Past Reviews

Regional Reviews: Albuquerque/Santa Fe


Musical Theatre Southwest
Review by Dean Yannias

Also see Carla's review of The Complete Works of William Shakespeare (Abridged)

Courtesy of Jason Ponic
If Clifford Odets had written a Broadway musical, it could have been Newsies. It's basically Waiting for Lefty with singing and lots of choreography.

It's hard to believe that Newsies ever made it to Broadway. It began life in 1992 as an original live-action movie musical, just what nobody was waiting for. It was a tremendous flop for Disney studios, costing $15 million to make and recouping less than $3 million. In days gone by, it would have faded into oblivion like so many thousands of other films have, but somehow it got a second wind on video (Christian Bale, of all people, was the star). In 2012, Disney, having already turned many of its animated features into megahit Broadway shows, put Newsies onto the stage, with a book by Harvey Fierstein (based on Bob Tzudiker Noni White's screenplay) but with the same composer and lyricist, Alan Menken and Jack Feldman. It ran for more than 1,000 performances, additional evidence that Disney still has the Midas touch.

Yet Newsies has to be the most un-Disney of all Disney shows. No fairy tales, no magic, no princesses, not an animal anywhere. It's the gritty story of the New York newsboys strike against Joseph Pulitzer in 1899. The way the business worked back then is that the newsboys had to buy their papers every day, 50 cents for a hundred, and try to sell them all. No refunds for unsold papers. Any loss was purely at the expense of the boys, not of the publishers. Pulitzer, depicted in this show as an archetypal capitalist pig, decides that the best way to up his profits is to charge the boys 60 cents for a hundred, and still not give them a refund.

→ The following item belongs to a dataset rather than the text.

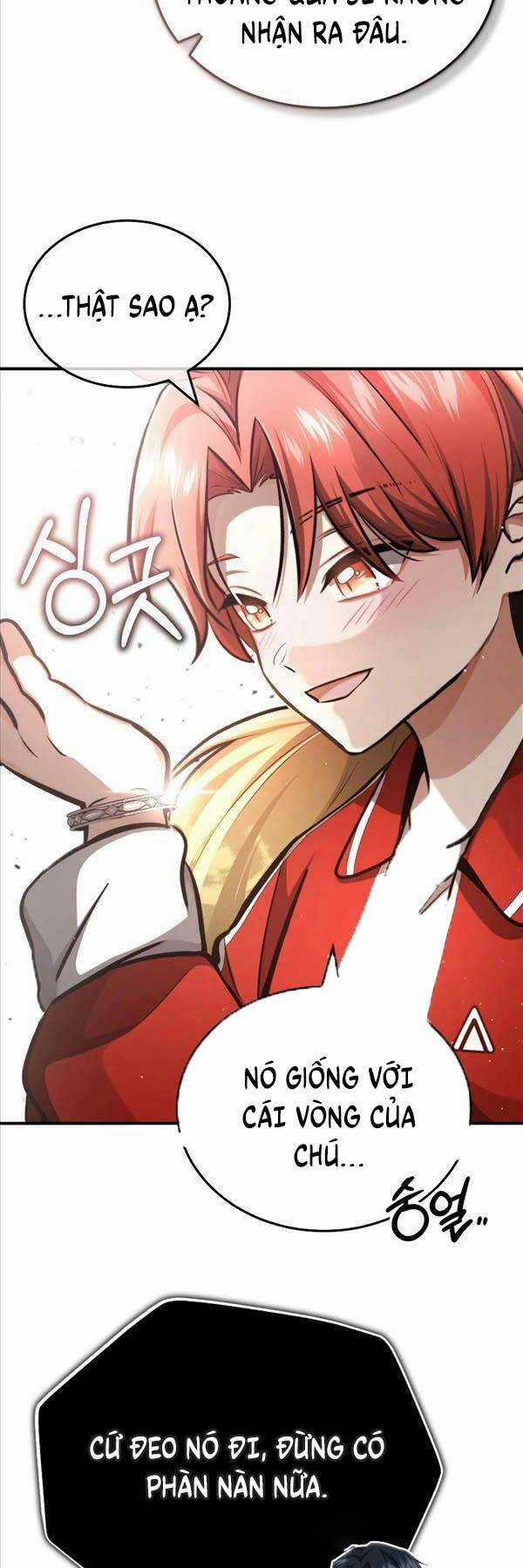 Hồi Quy Giả Về Hưu Chapter 8 trang 48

What can you do when you're living hand to mouth, and ten cents is a lot of money? Strike! Strike! Strike! If the boys don't buy the papers, Pulitzer gets no money either. Does this sound like material for a musical, let alone a Disney musical? And yet it works.

Much of the pleasure it yields comes from the joy of seeing an energetic young cast giving it their all. Wow, this production has been well rehearsed. On opening night, I usually expect a flub or two—especially when there's a cast of 24 wearing microphones, a live orchestra, a lot of set and lighting changes, and complex choreography—but it was flawless. Congratulations to Robb Sisneros (director), Jonathan Ragsdale (choreographer), Jenni Hipólito (music director), and Elizabeth Ponic (stage manager)—also, Lando Ruiz (technical director), Dane Hopkins (sound), Joel Paul McKenzie (set design), Angela Robinson (props), and Shannon Scheffler and Katy Jacome (costumes). A fantastic job is done by all.

That includes the actors. When there are so many of them, and all of them are good, it's not quite fair to single out a few, but I'll do it anyway. Colin Burdge, in the lead role of Jack Kelly, has a fine tenor voice and is a good actor. Katherine Plumber, a journalist and romantic interest for Jack, is played well by Devon Griste; she has a rapid-fire Sondheim-esque song that she pulls off perfectly. This is the best performance I've seen from Lando Ruiz, as Davey. J. Mark Danley is appropriately despicable as Pulitzer. It's fun watching Jordan Embree change roles and accents. Evangeline Long is wonderful as the owner and star of a vaudeville/burlesque theater, Medda Larkin. As Crutchie, Corban Mejia overacts a bit early on, but has a very touching letter-writing scene from a reformatory.

All the other newsboys (augmented by a few women in male costuming) are amazing dancers and most of them create distinct characters that they portray very effectively. Jaaziah Vallano, Bradley Fuller, Jackson Murrieta, Seth Hanson, Daniel Ruddell, Santiago Baca, and Kale Brown (and a few more that I apologize for not mentioning) form this athletic and talented bunch. The one person I couldn't take my eyes off of is child actor Allen Dominguez, who plays Les; he is such a natural on stage that it's uncanny.

Newsies is the show that Musical Theatre Southwest had to cancel last year due to lack of funds. It's a big production, and I imagine that the licensing does not come cheap, since it's Disney. Fortunately for Albuquerque, MTS has survived to mount this show after all. It was definitely worth the wait.

Newsies, through August 11, 2019, at Musical Theatre Southwest, 6320 Domingo NE (just east of San Pedro, between Central and Copper), Albuquerque NM. Performances are Fridays and Saturdays at 7:30, Sundays at 2:00. Tickets $23 to $25. For information and tickets, visit Even though this is an extended run of five weeks, the Black Box is a small theater, and a lot of performances are already sold out.